'''

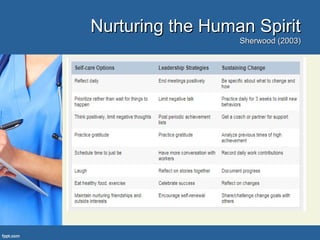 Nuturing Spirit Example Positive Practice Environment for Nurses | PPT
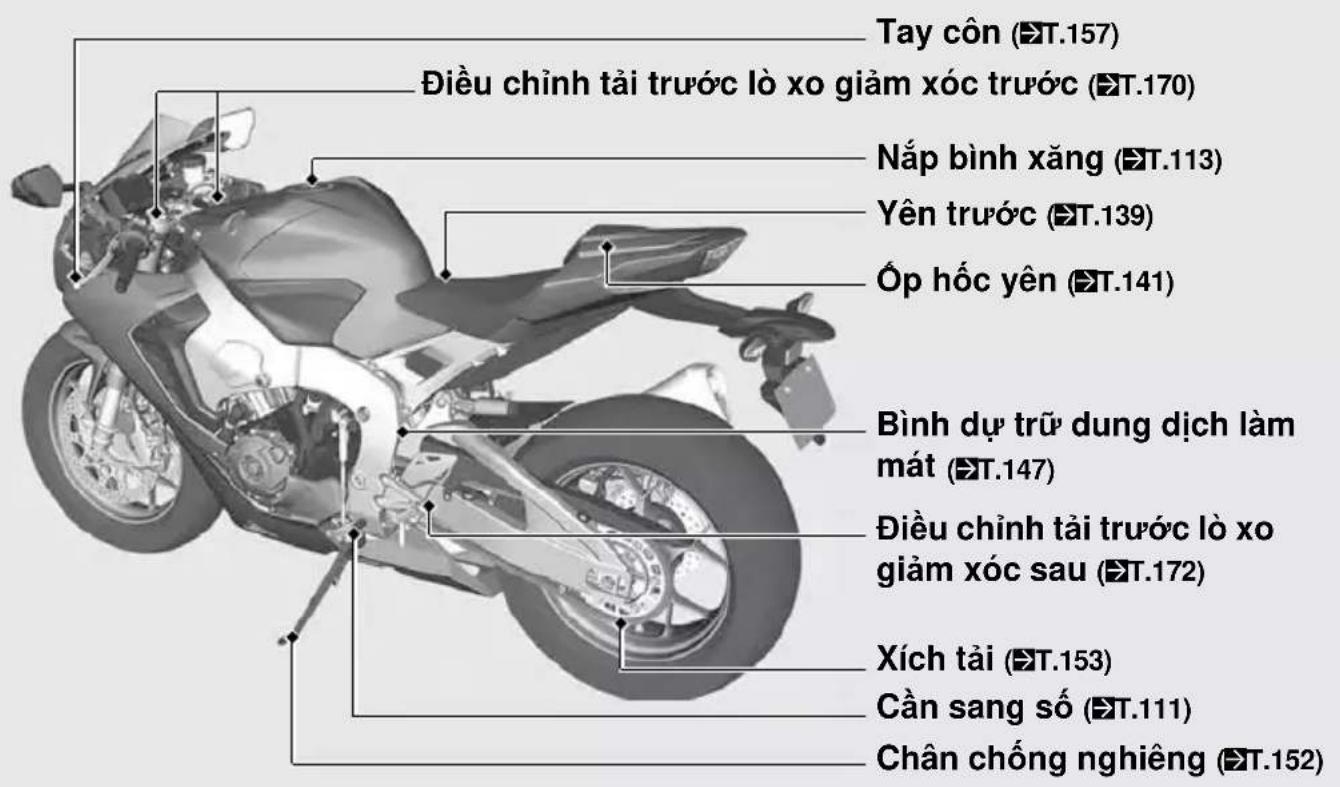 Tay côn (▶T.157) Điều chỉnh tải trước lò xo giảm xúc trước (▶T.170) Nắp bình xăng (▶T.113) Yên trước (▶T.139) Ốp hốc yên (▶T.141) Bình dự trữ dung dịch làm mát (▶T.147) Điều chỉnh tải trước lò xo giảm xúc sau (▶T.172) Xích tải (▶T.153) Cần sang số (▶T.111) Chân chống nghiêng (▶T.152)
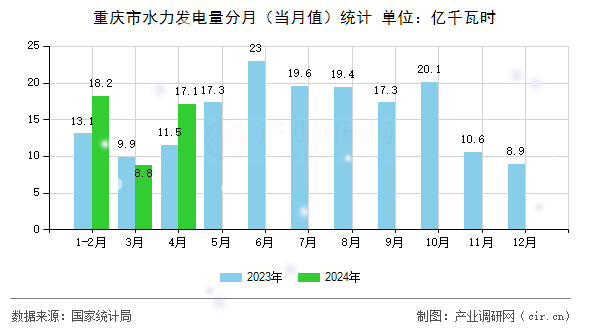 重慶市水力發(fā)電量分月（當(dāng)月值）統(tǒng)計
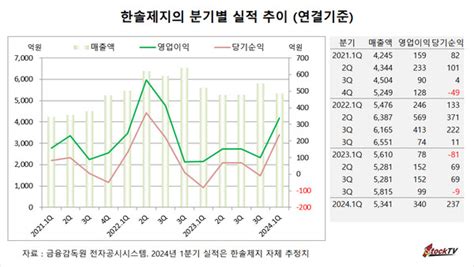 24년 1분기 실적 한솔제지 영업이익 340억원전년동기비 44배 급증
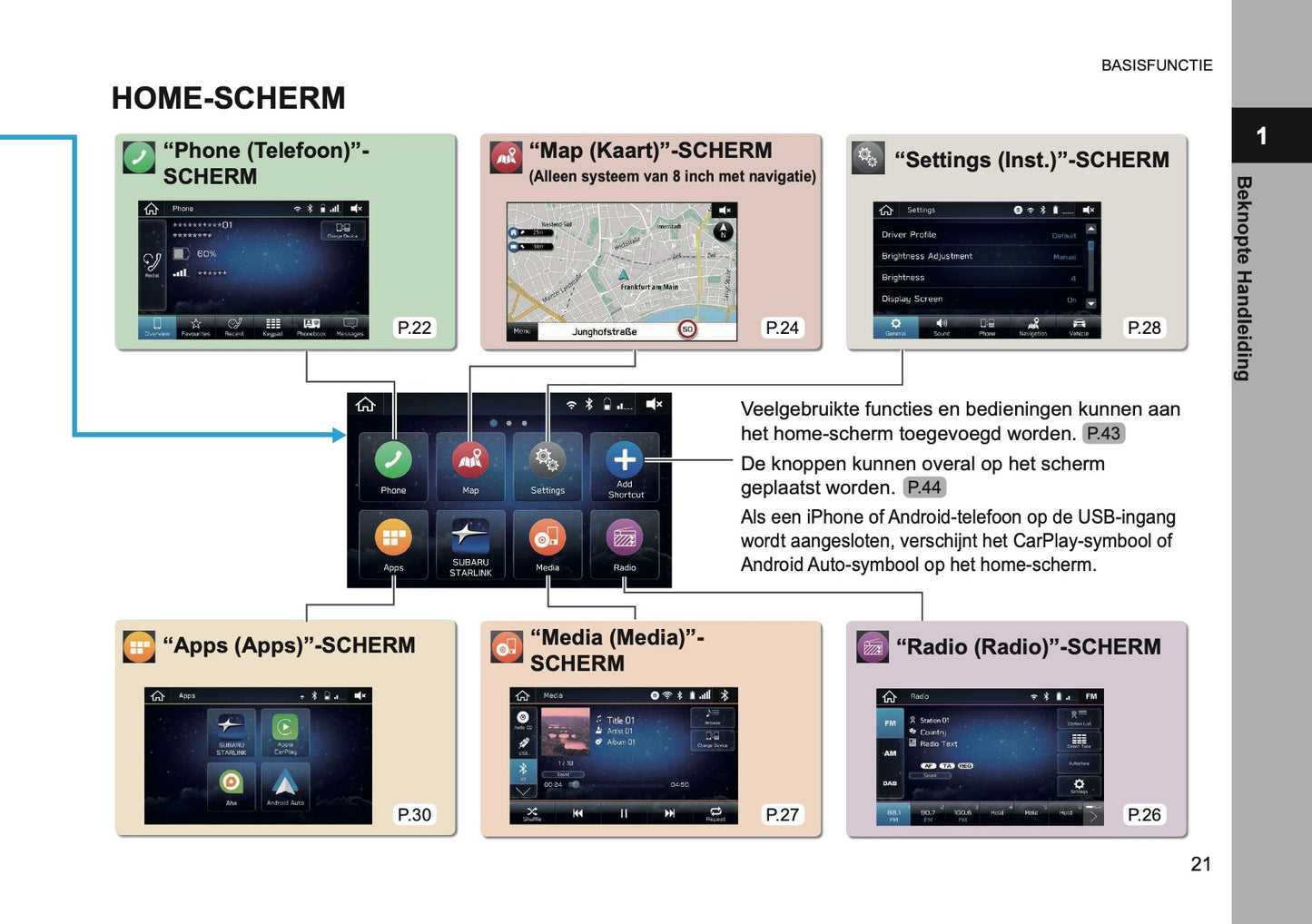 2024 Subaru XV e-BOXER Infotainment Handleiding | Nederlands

'''

Task objective.
What the answer needs is every line from the one containing "重慶市水力發(fā)電量分月（當(dāng)月值）統(tǒng)計" through the final line of the data above, copied exactly, without pictures.

Written response.
 重慶市水力發(fā)電量分月（當(dāng)月值）統(tǒng)計
 24년 1분기 실적 한솔제지 영업이익 340억원전년동기비 44배 급증
 2024 Subaru XV e-BOXER Infotainment Handleiding | Nederlands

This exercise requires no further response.